→ PROBLEM TO SOLVE
Lines below that include the word "фото" should each be copied.

☆ ☆ ☆

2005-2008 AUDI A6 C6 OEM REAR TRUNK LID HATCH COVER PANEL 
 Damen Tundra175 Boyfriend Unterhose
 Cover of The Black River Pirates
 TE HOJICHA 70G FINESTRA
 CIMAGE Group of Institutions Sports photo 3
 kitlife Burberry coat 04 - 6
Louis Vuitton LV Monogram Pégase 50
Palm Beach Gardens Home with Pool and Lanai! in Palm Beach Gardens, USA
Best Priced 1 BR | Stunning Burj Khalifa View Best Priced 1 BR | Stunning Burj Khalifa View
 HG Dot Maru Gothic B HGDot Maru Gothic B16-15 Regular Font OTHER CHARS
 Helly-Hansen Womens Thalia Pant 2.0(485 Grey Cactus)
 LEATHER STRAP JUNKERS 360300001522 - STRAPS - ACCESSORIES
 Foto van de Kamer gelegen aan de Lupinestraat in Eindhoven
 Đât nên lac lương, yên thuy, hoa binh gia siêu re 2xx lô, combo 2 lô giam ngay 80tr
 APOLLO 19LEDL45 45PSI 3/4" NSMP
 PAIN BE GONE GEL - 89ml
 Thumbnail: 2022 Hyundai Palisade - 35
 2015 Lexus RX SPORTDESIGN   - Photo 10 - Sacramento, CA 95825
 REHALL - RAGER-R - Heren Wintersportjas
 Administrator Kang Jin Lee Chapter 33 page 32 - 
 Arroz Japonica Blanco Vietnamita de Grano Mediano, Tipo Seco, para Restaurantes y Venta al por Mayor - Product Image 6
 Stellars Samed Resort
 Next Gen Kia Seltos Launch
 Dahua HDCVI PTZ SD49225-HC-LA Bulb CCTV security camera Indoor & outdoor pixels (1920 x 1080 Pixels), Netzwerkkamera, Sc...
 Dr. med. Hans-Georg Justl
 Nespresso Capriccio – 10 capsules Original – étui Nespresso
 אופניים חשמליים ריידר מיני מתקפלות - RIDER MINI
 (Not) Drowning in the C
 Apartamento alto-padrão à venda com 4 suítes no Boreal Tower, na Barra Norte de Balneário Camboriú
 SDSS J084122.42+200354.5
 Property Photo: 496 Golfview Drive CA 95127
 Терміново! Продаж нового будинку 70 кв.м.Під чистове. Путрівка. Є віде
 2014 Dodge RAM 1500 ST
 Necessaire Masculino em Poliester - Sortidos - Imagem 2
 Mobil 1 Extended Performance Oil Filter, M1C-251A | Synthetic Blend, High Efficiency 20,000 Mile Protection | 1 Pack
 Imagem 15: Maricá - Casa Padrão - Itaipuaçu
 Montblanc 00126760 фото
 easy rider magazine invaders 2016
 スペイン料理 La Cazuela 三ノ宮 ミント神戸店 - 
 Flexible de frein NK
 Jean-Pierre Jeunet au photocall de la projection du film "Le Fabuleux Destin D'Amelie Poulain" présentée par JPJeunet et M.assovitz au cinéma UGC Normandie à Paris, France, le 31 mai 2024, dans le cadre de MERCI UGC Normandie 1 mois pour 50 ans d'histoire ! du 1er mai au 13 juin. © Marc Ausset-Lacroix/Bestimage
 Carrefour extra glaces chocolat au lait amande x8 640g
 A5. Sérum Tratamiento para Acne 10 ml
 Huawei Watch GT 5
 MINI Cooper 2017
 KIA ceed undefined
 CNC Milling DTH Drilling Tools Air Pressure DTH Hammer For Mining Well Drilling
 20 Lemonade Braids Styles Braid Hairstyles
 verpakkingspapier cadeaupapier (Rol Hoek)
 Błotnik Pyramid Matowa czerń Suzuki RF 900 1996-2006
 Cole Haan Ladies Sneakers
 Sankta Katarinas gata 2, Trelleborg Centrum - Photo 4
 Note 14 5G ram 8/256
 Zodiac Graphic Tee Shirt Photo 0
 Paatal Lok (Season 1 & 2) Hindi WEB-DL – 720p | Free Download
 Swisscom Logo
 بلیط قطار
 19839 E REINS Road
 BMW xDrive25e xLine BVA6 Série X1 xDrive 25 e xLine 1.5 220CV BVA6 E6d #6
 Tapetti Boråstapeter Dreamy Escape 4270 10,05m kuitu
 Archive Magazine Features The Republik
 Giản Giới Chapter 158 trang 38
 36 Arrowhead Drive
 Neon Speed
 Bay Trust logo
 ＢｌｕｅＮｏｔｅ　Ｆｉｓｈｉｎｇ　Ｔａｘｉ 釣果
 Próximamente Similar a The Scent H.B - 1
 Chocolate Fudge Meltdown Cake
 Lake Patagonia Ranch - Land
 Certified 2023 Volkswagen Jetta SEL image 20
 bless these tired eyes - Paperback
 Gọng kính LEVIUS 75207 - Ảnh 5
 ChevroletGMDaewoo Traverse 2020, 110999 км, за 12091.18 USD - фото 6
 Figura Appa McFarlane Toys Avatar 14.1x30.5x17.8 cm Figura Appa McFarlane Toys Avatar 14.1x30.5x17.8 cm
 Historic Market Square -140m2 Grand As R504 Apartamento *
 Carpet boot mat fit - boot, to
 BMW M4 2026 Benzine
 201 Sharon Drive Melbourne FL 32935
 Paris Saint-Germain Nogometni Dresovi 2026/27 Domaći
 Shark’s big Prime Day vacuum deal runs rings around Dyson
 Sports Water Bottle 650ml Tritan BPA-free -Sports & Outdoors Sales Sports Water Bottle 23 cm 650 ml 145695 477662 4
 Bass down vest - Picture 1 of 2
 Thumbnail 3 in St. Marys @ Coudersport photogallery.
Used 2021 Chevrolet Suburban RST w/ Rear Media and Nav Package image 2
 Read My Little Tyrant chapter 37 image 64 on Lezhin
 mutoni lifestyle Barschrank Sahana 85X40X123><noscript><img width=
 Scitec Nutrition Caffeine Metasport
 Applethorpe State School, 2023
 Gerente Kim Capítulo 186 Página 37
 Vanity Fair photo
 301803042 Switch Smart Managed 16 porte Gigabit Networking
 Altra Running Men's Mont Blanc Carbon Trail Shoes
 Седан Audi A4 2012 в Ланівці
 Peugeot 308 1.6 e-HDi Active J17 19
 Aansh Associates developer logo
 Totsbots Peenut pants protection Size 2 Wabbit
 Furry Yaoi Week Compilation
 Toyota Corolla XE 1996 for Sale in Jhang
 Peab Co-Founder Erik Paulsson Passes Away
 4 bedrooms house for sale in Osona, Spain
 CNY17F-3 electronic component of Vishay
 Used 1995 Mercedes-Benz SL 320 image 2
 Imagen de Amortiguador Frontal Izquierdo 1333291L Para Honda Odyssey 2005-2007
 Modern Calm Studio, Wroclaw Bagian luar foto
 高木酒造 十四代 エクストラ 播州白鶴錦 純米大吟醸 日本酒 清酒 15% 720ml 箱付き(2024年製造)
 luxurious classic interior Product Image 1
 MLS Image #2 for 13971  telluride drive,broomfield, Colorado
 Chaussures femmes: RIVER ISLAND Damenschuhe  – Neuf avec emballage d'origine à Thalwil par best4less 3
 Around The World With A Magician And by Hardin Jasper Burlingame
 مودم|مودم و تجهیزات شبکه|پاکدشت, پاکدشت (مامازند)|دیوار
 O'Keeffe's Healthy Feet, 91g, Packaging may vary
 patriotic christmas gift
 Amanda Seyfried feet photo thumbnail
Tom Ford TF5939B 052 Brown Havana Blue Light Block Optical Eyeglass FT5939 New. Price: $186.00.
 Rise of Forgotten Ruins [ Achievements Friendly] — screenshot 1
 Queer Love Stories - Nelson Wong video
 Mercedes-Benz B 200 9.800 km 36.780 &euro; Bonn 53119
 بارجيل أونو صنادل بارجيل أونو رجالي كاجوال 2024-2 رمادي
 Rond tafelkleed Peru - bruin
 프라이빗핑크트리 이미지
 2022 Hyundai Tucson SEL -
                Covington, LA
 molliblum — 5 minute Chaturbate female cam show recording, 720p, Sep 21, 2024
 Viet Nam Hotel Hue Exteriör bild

☆ ☆ ☆

→ RESPONSE BOX
 Montblanc 00126760 фото
 ChevroletGMDaewoo Traverse 2020, 110999 км, за 12091.18 USD - фото 6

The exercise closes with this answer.